# [TASK GOAL]
Down to the last line, repeat the entries exactly and drop any image.

# [DATA FOR REVIEW]
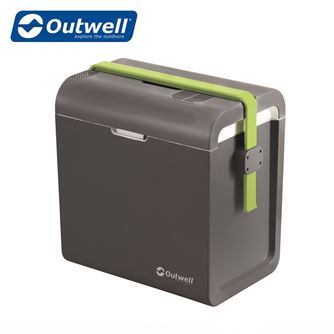 Outwell ECOcool 24L Slate Grey Coolbox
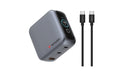 EAN 0023942302391 - Verbatim 30239 cargador de dispositivo móvil Universal Negro Corriente alterna Carga rápida Interior imagen 1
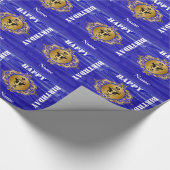 Wetshandhaving Gift Wrap aanpassen! Cadeaupapier (Hoek)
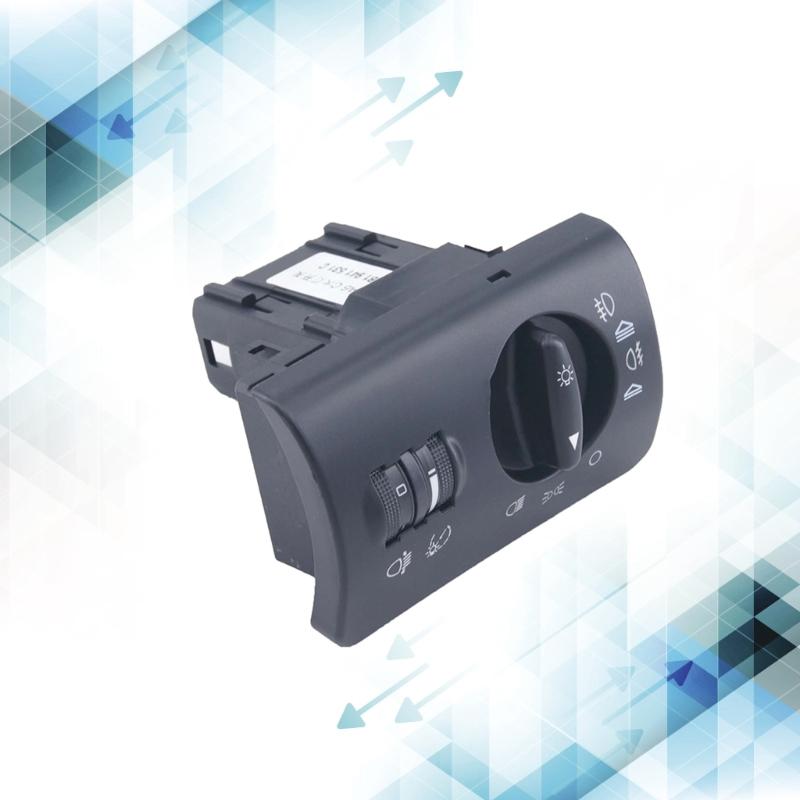 Comutator auto pentru faruri OEM:4B1941531C pentru 4B C5 2002-2005 Buton de control al lămpii de ceață Comutatoare interioare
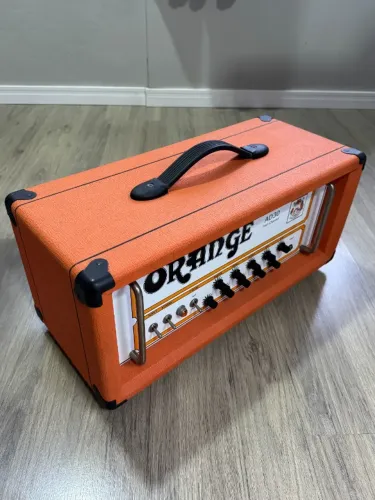 Amplificador Orange Ad30 Htc 30w Made In Uk - Usado - Ótimo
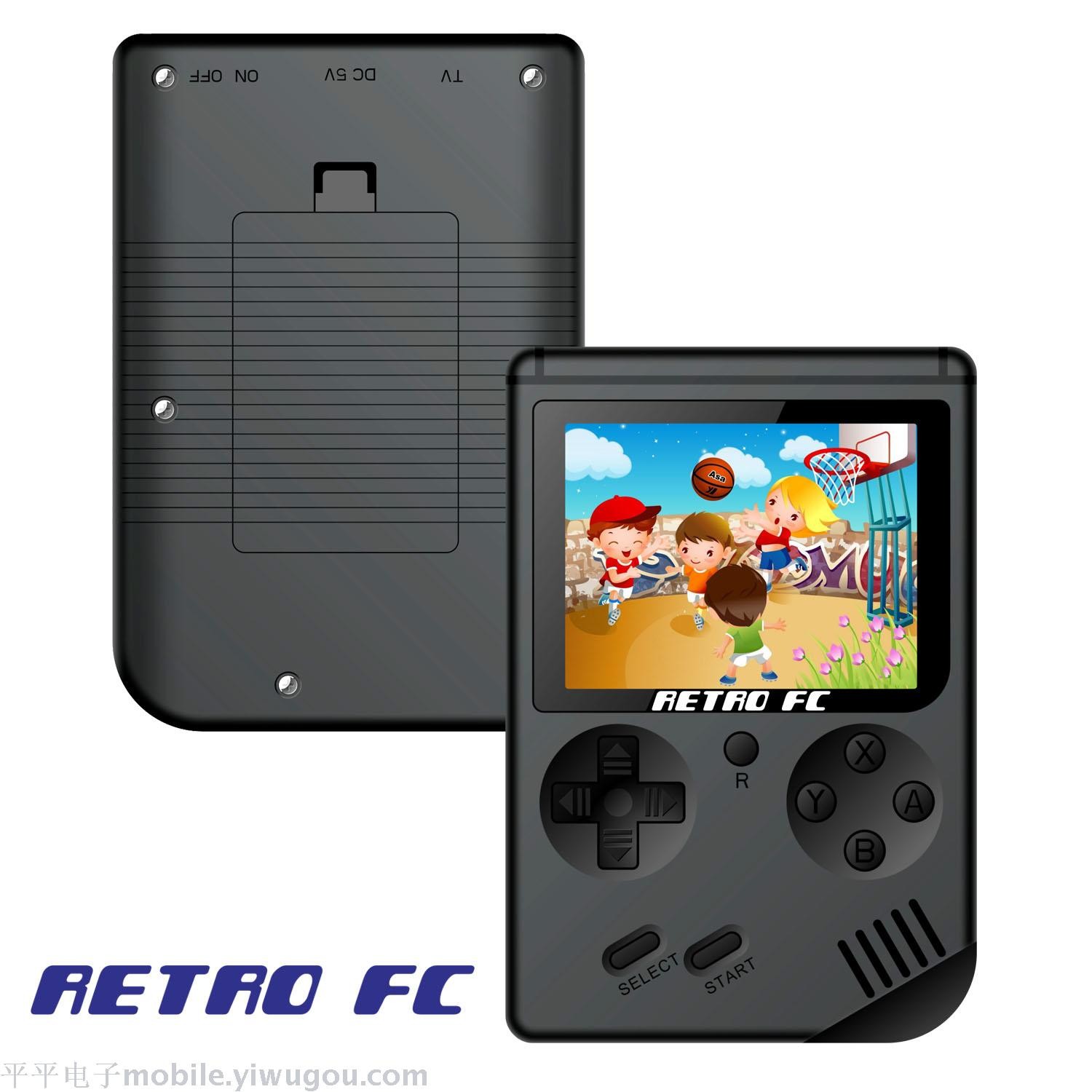 مفكرة PSP PSP للأطفال الصغار في راحة اليد، 88FC للحنين إلى الطفولة detail image 2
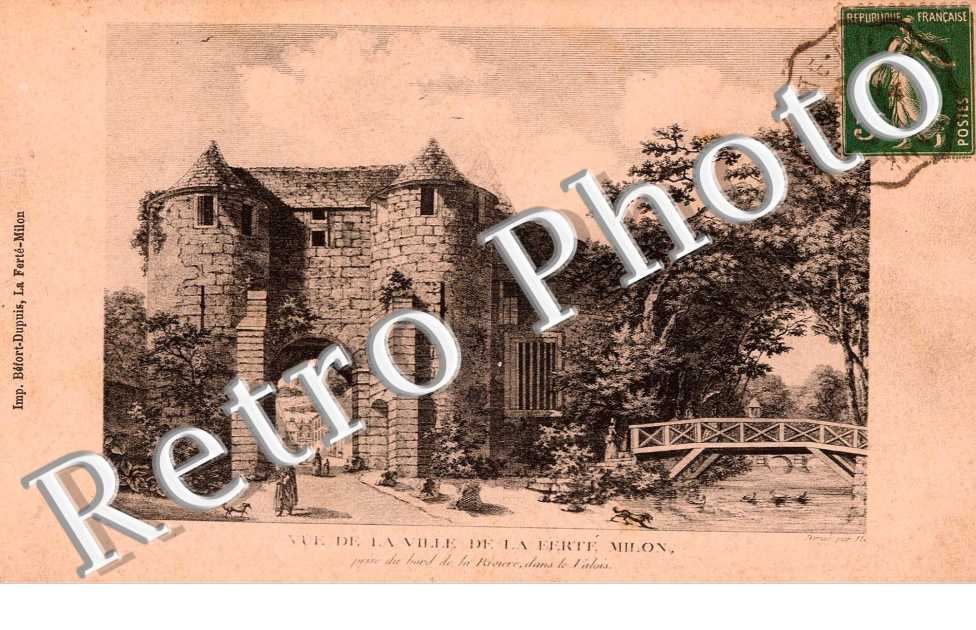 PORTE DE VILLE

# [TASK SOLUTION]
 Outwell ECOcool 24L Slate Grey Coolbox
 EAN 0023942302391 - Verbatim 30239 cargador de dispositivo móvil Universal Negro Corriente alterna Carga rápida Interior imagen 1
 Wetshandhaving Gift Wrap aanpassen! Cadeaupapier (Hoek)
 Comutator auto pentru faruri OEM:4B1941531C pentru 4B C5 2002-2005 Buton de control al lămpii de ceață Comutatoare interioare
 Amplificador Orange Ad30 Htc 30w Made In Uk - Usado - Ótimo
 مفكرة PSP PSP للأطفال الصغار في راحة اليد، 88FC للحنين إلى الطفولة detail image 2
 PORTE DE VILLE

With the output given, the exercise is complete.